I tryed whit the following configuration to send observations and rewards:
# Get observations of the External Environment for each agent
observations= {
"agent_1": HVAC_H_obs,
"agent_2": HVAC_C_obs,
"agent_3": NW_obs,
"agent_4": SW_obs,
"agent_5": NWB_obs
}
# Ask for actions to the server
action = client.get_action(eid, observations)

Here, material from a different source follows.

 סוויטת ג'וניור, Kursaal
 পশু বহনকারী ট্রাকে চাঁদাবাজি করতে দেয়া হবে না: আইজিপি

# After aplied actions in the environment, rewards are calculated with the new observations
rewards= {
"agent_1": HVAC_H_rew,
"agent_2": HVAC_C_rew,
"agent_3": NW_rew,
"agent_4": SW_rew,
"agent_5": NWB_rew
}
# The rewards are log in the server to lern about it
client.log_returns(eid, rewards, {}, {})
And I have the following error:
-- Raw obs from env: { '1': { 'agent_1': [ 1,
0,
0.0,
0.0,
23.766666666666666,
20.72565539572239,
0.2833333333333333,
178.66666666666666,
53.515461867926604],
'agent_2': [ 1,
0,
0.0,
0.0,
23.766666666666666,
20.72565539572239,
0.2833333333333333,
178.66666666666666,
53.515461867926604],
'agent_3': [ 1,
0,
23.766666666666666,
20.72565539572239,
0.2833333333333333,
178.66666666666666,
53.515461867926604],
'agent_5': [ 1,
0,
23.766666666666666,
20.72565539572239],
'agent_4': [ 1,
0,
23.766666666666666,
20.72565539572239,
0.2833333333333333,
178.66666666666666,
53.515461867926604]}}
2022-07-26 20:10:49,246 INFO sampler.py:665 -- Info return from env: { '1': { 'agent_1': {},
'agent_2': {},
'agent_3': {},
'agent_5': {},
'agent_4': {}}}
--- Logging error ---
Traceback (most recent call last):
File "C:\Users\grhen\AppData\Local\Programs\Python\Python39\lib\site-packages\ray\rllib\env\policy_client.py", line 303, in run
samples = self.rollout_worker.sample()
File "C:\Users\grhen\AppData\Local\Programs\Python\Python39\lib\site-packages\ray\rllib\evaluation\rollout_worker.py", line 825, in sample
batches = [self.input_reader.next()]
File "C:\Users\grhen\AppData\Local\Programs\Python\Python39\lib\site-packages\ray\rllib\evaluation\sampler.py", line 115, in next
batches = [self.get_data()]
File "C:\Users\grhen\AppData\Local\Programs\Python\Python39\lib\site-packages\ray\rllib\evaluation\sampler.py", line 288, in get_data
item = next(self._env_runner)
File "C:\Users\grhen\AppData\Local\Programs\Python\Python39\lib\site-packages\ray\rllib\evaluation\sampler.py", line 671, in _env_runner
active_envs, to_eval, outputs = _process_observations(
File "C:\Users\grhen\AppData\Local\Programs\Python\Python39\lib\site-packages\ray\rllib\evaluation\sampler.py", line 893, in _process_observations
policy_id: PolicyID = episode.policy_for(agent_id)
File "C:\Users\grhen\AppData\Local\Programs\Python\Python39\lib\site-packages\ray\rllib\evaluation\episode.py", line 175, in policy_for
raise KeyError(
KeyError: "policy_mapping_fn returned invalid policy id 'default_policy'!"
I can not to figure out how to Multiagents work in RLlib. Anyone can help me? Thanks!